Created attachment 11541 [details] Patch file to comment out re-definition of select_plugin_type variable. Overview: In the gres_plugin_job_revalidate function located in src/common/gres.c, the variable 'select_plugin_type' is defined again with a value of NO_VAL after having previously been defined elsewhere in the code. This re-defined value is then immediately tested to see if its value is SELECT_TYPE_CONS_TRES, which will always fail due to having been set to NO_VAL. Steps to reproduce: 1) Submit a job using an option supported only by the cons_tres plugin (such as requesting a GPU using -G 1). 2) Restart slurmctld (or run 'scontrol reconfig'). Actual results: Jobs using the cons_tres options are stopped upon a slurmctld restart or 'scontrol reload' even if the select plugin has not been changed from "select/cons_tres" in slurm.conf. The error provided by slurmctld's log is "error: Aborting JobId=<jobID> due to use of unsupported GRES options". Expected results: Jobs using the cons_tres options contine to run (assuming that whatever change made to slurm.conf wouldn't otherwise cause the job to be stopped). Attached is a patch file which comments out the line in question. With this line removed, the function works as expected and only stops jobs if the select plugin has been changed from select/cons_tres to another one that doesn't support the new tres options, like select/cons_res.

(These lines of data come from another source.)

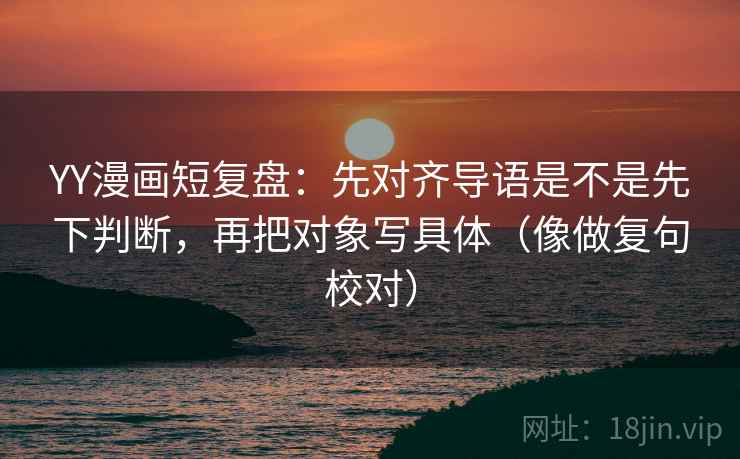 YY漫画短复盘：先对齐导语是不是先下判断，再把对象写具体（像做复句校对）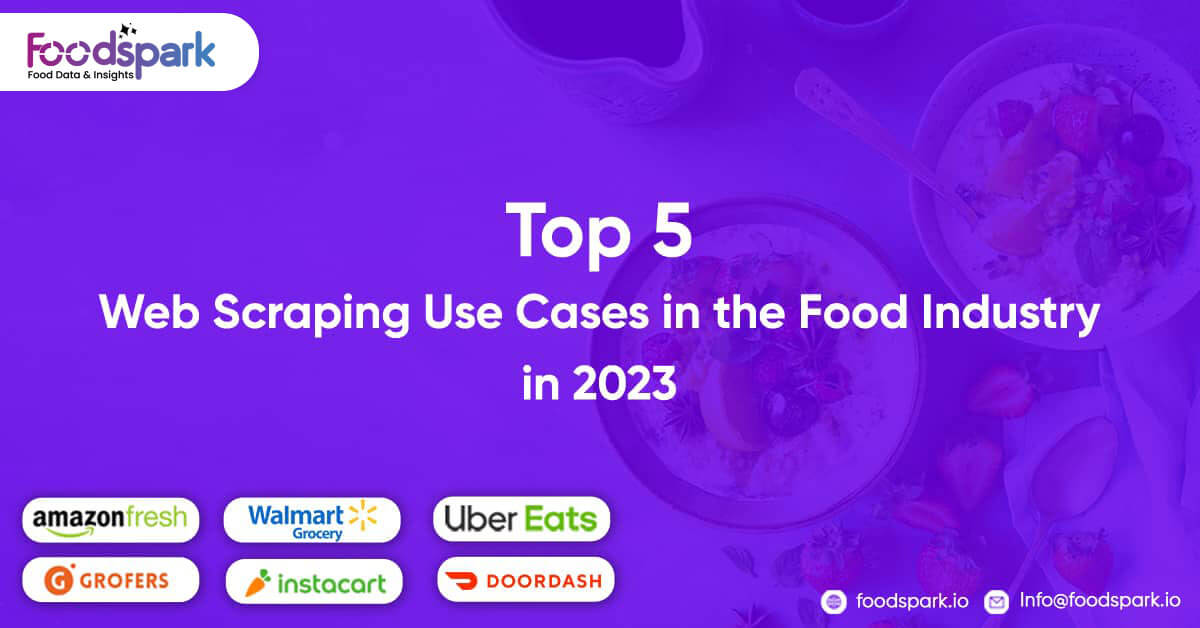 Top 5 Web Scraping Use Cases in the Food Industry in 2023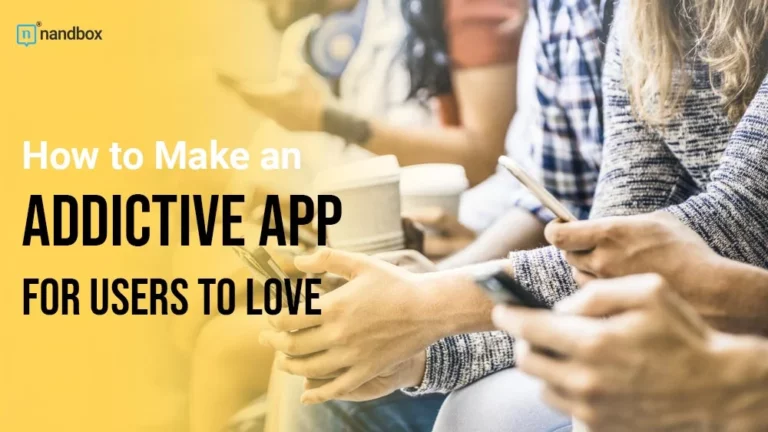 How to Make an Addictive App for Users to Love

FYI, in a related bug we filed, I had traced down the problem so the same line of code and was about to propose the same fix before seeing this ticket.
Comment on attachment 11541 [details] Patch file to comment out re-definition of select_plugin_type variable. Thanks Robert, a commit that removes this line completely is in 19.05.3. Commit 2abd2a3d8d6bdc.
Fixed, thanks for bringing it to our attention! Please reopen if you find something else on this.